Start of Exercise data

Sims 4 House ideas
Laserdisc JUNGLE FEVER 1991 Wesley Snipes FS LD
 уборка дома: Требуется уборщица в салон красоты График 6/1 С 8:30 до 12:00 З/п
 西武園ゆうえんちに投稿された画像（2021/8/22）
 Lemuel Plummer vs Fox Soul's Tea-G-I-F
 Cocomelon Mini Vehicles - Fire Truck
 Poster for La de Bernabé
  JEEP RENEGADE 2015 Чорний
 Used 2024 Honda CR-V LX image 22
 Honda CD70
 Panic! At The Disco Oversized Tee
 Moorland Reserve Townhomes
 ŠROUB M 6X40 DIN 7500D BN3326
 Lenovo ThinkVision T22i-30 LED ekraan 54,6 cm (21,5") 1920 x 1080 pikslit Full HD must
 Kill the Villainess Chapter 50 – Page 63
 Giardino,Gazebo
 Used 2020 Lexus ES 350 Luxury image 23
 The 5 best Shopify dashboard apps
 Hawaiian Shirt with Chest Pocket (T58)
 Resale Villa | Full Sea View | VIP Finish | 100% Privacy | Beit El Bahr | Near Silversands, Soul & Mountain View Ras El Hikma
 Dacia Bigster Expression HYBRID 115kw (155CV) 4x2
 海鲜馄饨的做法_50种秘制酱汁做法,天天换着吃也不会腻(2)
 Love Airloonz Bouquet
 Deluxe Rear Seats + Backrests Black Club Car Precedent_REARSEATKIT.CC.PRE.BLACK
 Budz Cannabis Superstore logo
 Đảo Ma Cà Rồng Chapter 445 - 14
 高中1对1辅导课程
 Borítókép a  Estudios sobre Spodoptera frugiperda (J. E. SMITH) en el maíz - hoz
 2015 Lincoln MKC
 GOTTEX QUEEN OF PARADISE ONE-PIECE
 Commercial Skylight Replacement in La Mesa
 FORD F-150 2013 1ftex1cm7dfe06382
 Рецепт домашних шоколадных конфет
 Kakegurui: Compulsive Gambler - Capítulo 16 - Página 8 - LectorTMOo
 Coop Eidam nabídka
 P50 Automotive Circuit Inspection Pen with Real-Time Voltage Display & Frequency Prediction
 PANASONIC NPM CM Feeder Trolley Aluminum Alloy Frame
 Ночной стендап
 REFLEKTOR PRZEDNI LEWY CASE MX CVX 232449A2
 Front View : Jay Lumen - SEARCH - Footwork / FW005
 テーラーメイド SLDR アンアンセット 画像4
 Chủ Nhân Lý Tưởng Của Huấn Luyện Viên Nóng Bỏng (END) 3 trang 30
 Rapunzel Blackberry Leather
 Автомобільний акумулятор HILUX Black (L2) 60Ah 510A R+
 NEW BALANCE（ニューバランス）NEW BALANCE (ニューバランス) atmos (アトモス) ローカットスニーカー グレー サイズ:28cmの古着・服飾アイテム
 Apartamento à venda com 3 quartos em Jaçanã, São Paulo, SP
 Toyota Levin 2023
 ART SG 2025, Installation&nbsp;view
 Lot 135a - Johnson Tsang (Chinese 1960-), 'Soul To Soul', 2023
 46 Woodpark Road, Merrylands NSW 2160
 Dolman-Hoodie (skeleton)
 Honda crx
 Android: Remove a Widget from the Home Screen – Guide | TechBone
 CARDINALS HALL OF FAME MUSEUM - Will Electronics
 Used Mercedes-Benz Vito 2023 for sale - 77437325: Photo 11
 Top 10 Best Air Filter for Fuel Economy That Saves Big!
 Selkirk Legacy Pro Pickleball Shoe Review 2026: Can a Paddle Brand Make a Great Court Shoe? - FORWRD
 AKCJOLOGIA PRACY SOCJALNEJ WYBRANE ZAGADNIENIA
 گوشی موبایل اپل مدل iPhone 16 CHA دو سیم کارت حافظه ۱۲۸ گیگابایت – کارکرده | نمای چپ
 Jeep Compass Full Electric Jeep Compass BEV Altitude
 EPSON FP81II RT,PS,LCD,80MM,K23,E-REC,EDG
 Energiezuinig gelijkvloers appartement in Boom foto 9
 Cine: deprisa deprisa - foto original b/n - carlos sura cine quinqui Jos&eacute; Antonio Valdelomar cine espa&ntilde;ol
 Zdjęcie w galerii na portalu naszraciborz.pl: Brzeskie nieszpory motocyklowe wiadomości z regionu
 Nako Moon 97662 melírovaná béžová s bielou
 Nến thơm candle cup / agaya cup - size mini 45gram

End of Exercise data

Set down again, word for word, the stretch of records from the line with "Deluxe Rear Seats" to the line with "Used Mercedes-Benz Vito", both of those lines included.

 Deluxe Rear Seats + Backrests Black Club Car Precedent_REARSEATKIT.CC.PRE.BLACK
 Budz Cannabis Superstore logo
 Đảo Ma Cà Rồng Chapter 445 - 14
 高中1对1辅导课程
 Borítókép a  Estudios sobre Spodoptera frugiperda (J. E. SMITH) en el maíz - hoz
 2015 Lincoln MKC
 GOTTEX QUEEN OF PARADISE ONE-PIECE
 Commercial Skylight Replacement in La Mesa
 FORD F-150 2013 1ftex1cm7dfe06382
 Рецепт домашних шоколадных конфет
 Kakegurui: Compulsive Gambler - Capítulo 16 - Página 8 - LectorTMOo
 Coop Eidam nabídka
 P50 Automotive Circuit Inspection Pen with Real-Time Voltage Display & Frequency Prediction
 PANASONIC NPM CM Feeder Trolley Aluminum Alloy Frame
 Ночной стендап
 REFLEKTOR PRZEDNI LEWY CASE MX CVX 232449A2
 Front View : Jay Lumen - SEARCH - Footwork / FW005
 テーラーメイド SLDR アンアンセット 画像4
 Chủ Nhân Lý Tưởng Của Huấn Luyện Viên Nóng Bỏng (END) 3 trang 30
 Rapunzel Blackberry Leather
 Автомобільний акумулятор HILUX Black (L2) 60Ah 510A R+
 NEW BALANCE（ニューバランス）NEW BALANCE (ニューバランス) atmos (アトモス) ローカットスニーカー グレー サイズ:28cmの古着・服飾アイテム
 Apartamento à venda com 3 quartos em Jaçanã, São Paulo, SP
 Toyota Levin 2023
 ART SG 2025, Installation&nbsp;view
 Lot 135a - Johnson Tsang (Chinese 1960-), 'Soul To Soul', 2023
 46 Woodpark Road, Merrylands NSW 2160
 Dolman-Hoodie (skeleton)
 Honda crx
 Android: Remove a Widget from the Home Screen – Guide | TechBone
 CARDINALS HALL OF FAME MUSEUM - Will Electronics
 Used Mercedes-Benz Vito 2023 for sale - 77437325: Photo 11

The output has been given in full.